The president of Mexican gambling trade group AIEJA has said the biggest challenges facing his market continue to be over-taxation and a complicated legal code that has been stitched together to patch over a gambling law not updated since 1947.
Speaking to Vixio GamblingCompliance at ICE last week, Miguel Ángel Ochoa Sánchez discussed the biggest challenges the Mexican market is facing, and whether the upcoming presidential election on June 2 will bring an easier future for the industry.
“Sixty percent of the online gambling offer in Mexico is not legal, so it competes unfairly with that which is legal,” Ochoa Sánchez said.
“That is the first challenge as there is a law to update, because the current law is from 1947 and there was none of the technology of today; there was no internet, there were no cell phones, machines, etc.”
The 1947 federal law he refers to banned most forms of gambling, but several hundred de facto casinos operate in Mexico anyway.
Those properties have found their legitimacy in a 2004 decree and subsequent amendments that followed to allow for casino games under the guise of drawings of numbers or symbols, constructing a complicated and tenuous legal framework that few can navigate and most find frustrating.
Last November, outgoing President Andrés Manuel López Obrador (AMLO) signed a decree to amend the 2004 regulation and outlaw such drawings via machines, as well as other casino games determined by dice, cards or roulette wheels. Those legal changes will not become effective until current operating permits expire, however.
Ochoa Sánchez named over-taxation as the next hurdle for Mexico's gambling industry.

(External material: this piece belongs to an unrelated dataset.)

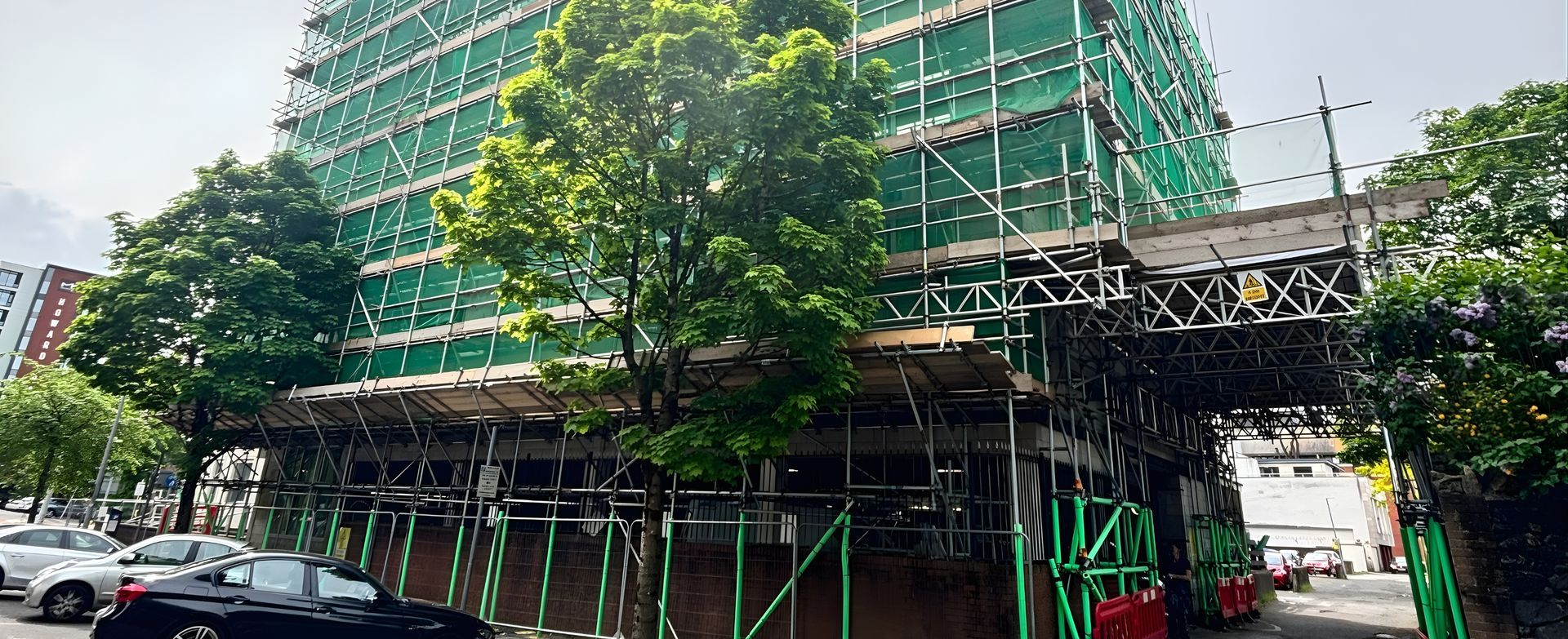 Scaffolding around a green building beside a tree-lined street with parked cars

“Today in Mexico taxes are paid to the federation and the Mexican government, taxes are paid to the states and taxes are paid to the municipalities. Then, every year they change them, they add a new tax every year, they increase the percentage,” he said, referencing a recent trend of new gambling taxes being applied on a state-by-state basis.
He said the volatility creates instability for investors, and advocated for tax reform that would consolidate state and municipal taxes.
Last March, Mexico’s Supreme Court also ruled in favour of a double taxation by upholding two articles of the financial code, which jointly tax the revenues of gambling organisers and gaming machine owners, in addition to imposing a value added tax.
At the time, lawyers said that the taxation was not necessarily a huge problem for the gaming industry, but that it was an abuse of authority.
Finally, the perception of Mexico as a dangerous place where the gaming industry is all guns and money laundering grates on Ochoa Sánchez.
“It’s not true in Mexico, it does not happen. But American movies always portray something bad,” he told Vixio.
As for the upcoming elections, it is looking increasingly likely that when AMLO leaves office, former Mexico City Mayor Claudia Sheinbaum will be sworn in as his replacement. She has been endorsed by AMLO and has a hefty lead in the polls.
“We believe that with her we could come to some arrangements,” concluded Ochoa Sánchez, “such as the three issues I have just raised.”